Ah celui-là…il rentre un jour. Demande à goûter une huile, aime mais me dit que c’est trop cher. Puis je ne saurais jamais pourquoi, il me demande si j’ai une origine étrangère. Je réponds, il me prend fait la bise. Par beaucoup d’autres ça m’aurait paru déplacé mais là non, c’était naturel, il était comme ça. Il s’est mis à me parler de la Turquie qu’il aimait beaucoup et où il avait vécu. Il m’a montré des clips de chanteurs turcs qu’il aimait, m’a demandé de lui parler de ma vison de la Turquie. On a philosophé, parlé géo et politique.

Puis il est revenu, plus intimiste…il m’a avoué qu’à 20 ans il était tombé amoureux d’un turc, très amoureux. Mais à cet époque (et même maintenant), l’homosexualité là-bas c’était impensable dans beaucoup de familles…il m’a parlé de cet amour d’une manière si belle, avant que ses yeux s’emplissent de larmes en m’avouant que ce jeune homme s’était suicidé après le rejet de ses parents. Il m’a dit « ça fait du bien d’en parler avec quelqu’un qui comprend ». Même si ce genre de phrase me fait plaisir, ça me sidère un peu. Comment sait-il que je comprend ?

Les autres

Il y a aussi cette dame aux cheveux blancs très classe qui passe toutes les semaines et avec qui on a développé un véritable échange. Il y a aussi ce mec de la sécurité qui s’arrête tous les jours pour discuter et me raconter les péripéties qu’il a vécues aux Etats-Unis (et qui vient justement de me saluer pendant que j’écris cet article).

Voilà, eux, je peux dire que ce sont MES clients. Car mes collègues n’ont pas développé ce type de relation privilégiée. Peut-être parce qu’ils restent peut-être plus dans la sphère de la vente pure, je ne sais pas. En même temps je n’ai pas le sentiment d’avoir cherché ces relations, elles sont venues à moi. Moi qui était très timide avant ce boulot, ça m’a tellement ouvert…permis de ne pas rougir quand je demande mon chemin, même si je reste une naïve qui se soigne. Ces gens là ce sont mes repères, ma petite bulle de bien-être dans un boulot qui ne me convient pas. Et je crois pouvoir dire qu’ils font parti de ce seul volet qui me manquera le jour où j’arrêterai…

Je ne sais pas si c’est le lot de toutes les boutiques, si c’est la vente qui fait ça. Après dans la mienne on a la chance et le malheur en même temps d’avoir très peu de clients et donc du temps pour nous occuper d’eux, ça joue évidemment.

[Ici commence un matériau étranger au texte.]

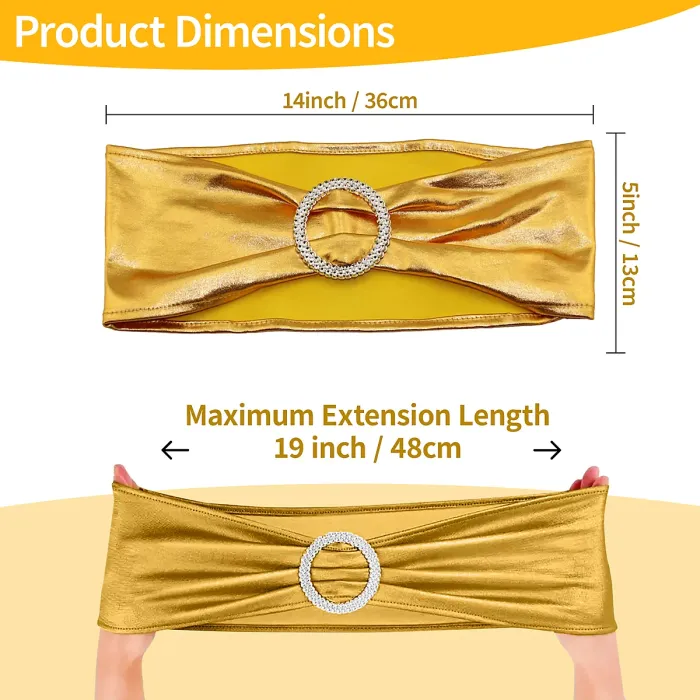 10pcs Shiny Chair Band with Slider Buckle Synthetic Fabric Elastic Sash, Gold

Alors même si je sais qu’ils ne me liront jamais, merci à eux.

Maman en Chantier

Ps : je tiens juste à préciser, même si je ne ferai pas un article sur eux, qu’il y a aussi l’inverse. Les chieurs (voire méchants de base) qui le restent malgré la gentillesse et l’écoute dont tu souhaite faire preuve. Ceux qui te demandent pourquoi c’est si cher et te regardent avec un sourire de « cause toujours » quand tu leur explique. Ceux qui t’engueulent parce que tu ne connais pas tous les moulins d’huile du monde. Ceux qui t’engueulent parce que tu ne peux pas leur faire de réduction. Mais eux ne reviennent pas souvent heureusement, et ne méritent pas de rester dans mon esprit.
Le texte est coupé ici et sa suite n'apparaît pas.